War also alles umsonst gewesen? Haben die Freikorps damit lediglich die Rolle des „nützlichen Idioten“ des Westens (= der Sozialdemokratie und Großbritanniens) gespielt und damit nichts erreicht? Keineswegs. Durch den Einsatz in den Freikorps hat eine ganze Generation junger Männer elementare Erfahrungen gewonnen und eine entscheidende politische Prägung erhalten. Die Zeit in den Freikorps war für viele der Beginn einer politischen und aktivistischen Karriere im Milieu der Konservativen Revolution, die das künftige politische Geschehen Deutschlands entscheidend prägen sollte. Der politische Gärprozess der 20er-Jahre geht maßgeblich auf ihre Kappe. Zudem haben diese Kräfte durch ihren handfesten Einsatz in der leidgeplagten deutschen Bevölkerung nachhaltig an Legitimität und Ansehen gewonnen. Der Dienst in den Freikorps wurde so zum politischen „Lackmustest“.
Legitimität durch die Krise
Zieht man diese historische Parallele und überträgt sie auf den aktuellen Ukraine-Konflikt, so ist auch eine andere Interpretation der Facebook-Affäre rund um „Azov“ möglich. Sie zeigt nämlich, dass das liberale System in Zeiten der Krise und Bedrohung von außen nicht auf idealistische Kräfte von rechts verzichten kann und diese zunächst zum Erhalt der eigenen Herrschaft benötigt. Doch dieselben Kräfte sind es, die – wenn sie die Krise zur effizienten Organisation und Aneignung von Ressourcen nutzen – dem System anschließend auch gefährlich werden können und theoretisch die Möglichkeit haben, einen „dritten Weg“ zwischen eigenem Regime und fremder Bedrohung zu gehen.

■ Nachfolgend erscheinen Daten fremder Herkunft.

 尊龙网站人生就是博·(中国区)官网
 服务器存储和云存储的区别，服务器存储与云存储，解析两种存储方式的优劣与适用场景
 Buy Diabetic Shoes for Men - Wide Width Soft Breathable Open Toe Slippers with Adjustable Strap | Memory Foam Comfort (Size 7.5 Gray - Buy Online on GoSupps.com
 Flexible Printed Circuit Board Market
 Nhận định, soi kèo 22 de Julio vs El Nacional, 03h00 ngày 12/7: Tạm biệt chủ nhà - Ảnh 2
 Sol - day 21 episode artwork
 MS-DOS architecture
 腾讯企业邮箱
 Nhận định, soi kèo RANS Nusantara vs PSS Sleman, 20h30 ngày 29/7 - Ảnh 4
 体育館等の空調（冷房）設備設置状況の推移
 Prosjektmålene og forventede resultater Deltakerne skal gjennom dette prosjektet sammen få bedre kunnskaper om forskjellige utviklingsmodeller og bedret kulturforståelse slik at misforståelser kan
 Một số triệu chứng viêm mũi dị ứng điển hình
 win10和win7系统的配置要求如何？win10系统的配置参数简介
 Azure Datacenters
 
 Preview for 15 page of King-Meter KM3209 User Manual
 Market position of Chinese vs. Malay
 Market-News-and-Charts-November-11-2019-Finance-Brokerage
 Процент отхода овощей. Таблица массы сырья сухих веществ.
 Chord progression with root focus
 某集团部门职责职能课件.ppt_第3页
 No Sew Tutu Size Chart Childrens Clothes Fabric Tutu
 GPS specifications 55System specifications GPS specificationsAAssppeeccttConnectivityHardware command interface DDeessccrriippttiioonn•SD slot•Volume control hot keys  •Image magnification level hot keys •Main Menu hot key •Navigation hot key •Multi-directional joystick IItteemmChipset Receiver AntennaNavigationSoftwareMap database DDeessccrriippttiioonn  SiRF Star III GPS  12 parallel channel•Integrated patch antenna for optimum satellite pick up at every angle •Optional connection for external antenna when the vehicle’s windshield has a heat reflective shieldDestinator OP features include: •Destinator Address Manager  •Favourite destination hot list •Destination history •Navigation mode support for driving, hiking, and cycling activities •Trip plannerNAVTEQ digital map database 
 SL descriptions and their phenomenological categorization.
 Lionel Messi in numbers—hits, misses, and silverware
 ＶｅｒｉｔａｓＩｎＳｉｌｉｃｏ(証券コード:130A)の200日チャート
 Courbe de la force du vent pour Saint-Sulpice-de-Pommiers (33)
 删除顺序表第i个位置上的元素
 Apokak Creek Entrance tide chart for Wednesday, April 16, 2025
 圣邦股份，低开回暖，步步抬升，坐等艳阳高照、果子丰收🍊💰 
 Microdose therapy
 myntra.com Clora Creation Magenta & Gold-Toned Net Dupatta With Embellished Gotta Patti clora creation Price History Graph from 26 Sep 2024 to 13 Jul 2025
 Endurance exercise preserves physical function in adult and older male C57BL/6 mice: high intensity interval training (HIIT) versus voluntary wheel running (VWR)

Blick in die eigene Geschichte
Diese Entwicklung ist keineswegs zwangsläufig und hängt wesentlich vom politischen und organisatorischen Geschick dieser Kräfte ab. Doch diese historische Parallele kann zeigen: die zahlreichen Ukrainer, die aktuell freiwillig zu den Waffen greifen, um für die Freiheit ihres Vaterlandes zu kämpfen, sind keineswegs bloß „nützliche Idioten“ des Westens. Der Konflikt ist kein geopolitisches „Schwarz-Weiß“, sondern eine differenzierte Gemengelage unterschiedlicher Interessen. Ein Blick in unsere eigene Geschichte zeigt: als deutscher Rechter sollte man keinem falschen Dualismus anheimfallen und sich die Fähigkeit zur differenzierten Betrachtung erhalten.